Assignment
Every line of the records below that holds the word "sitting" belongs in the answer.

START Available data

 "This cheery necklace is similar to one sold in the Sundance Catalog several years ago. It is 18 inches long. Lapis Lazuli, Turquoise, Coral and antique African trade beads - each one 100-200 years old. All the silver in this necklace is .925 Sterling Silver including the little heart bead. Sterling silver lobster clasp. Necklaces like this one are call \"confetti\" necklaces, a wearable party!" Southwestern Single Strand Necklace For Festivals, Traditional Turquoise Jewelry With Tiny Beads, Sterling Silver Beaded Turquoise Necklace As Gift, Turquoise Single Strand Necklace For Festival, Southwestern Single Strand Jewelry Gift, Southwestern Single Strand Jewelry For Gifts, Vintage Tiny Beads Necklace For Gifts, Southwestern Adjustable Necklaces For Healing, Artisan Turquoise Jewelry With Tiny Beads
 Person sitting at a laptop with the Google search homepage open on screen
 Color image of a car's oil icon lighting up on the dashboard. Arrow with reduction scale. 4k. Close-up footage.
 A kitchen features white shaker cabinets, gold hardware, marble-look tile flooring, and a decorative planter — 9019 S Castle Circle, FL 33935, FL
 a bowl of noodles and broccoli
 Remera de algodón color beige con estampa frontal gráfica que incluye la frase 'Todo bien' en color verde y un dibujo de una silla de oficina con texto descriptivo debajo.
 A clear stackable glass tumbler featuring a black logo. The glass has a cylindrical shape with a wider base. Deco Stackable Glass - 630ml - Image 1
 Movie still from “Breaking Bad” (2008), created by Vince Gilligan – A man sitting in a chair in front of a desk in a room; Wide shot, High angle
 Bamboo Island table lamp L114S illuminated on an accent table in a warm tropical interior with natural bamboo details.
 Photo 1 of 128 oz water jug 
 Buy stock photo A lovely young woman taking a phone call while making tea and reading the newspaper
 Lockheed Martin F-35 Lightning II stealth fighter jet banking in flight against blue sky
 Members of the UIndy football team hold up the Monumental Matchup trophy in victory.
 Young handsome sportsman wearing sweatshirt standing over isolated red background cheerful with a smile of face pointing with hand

END Available data

Answer area
 Person sitting at a laptop with the Google search homepage open on screen
 Movie still from “Breaking Bad” (2008), created by Vince Gilligan – A man sitting in a chair in front of a desk in a room; Wide shot, High angle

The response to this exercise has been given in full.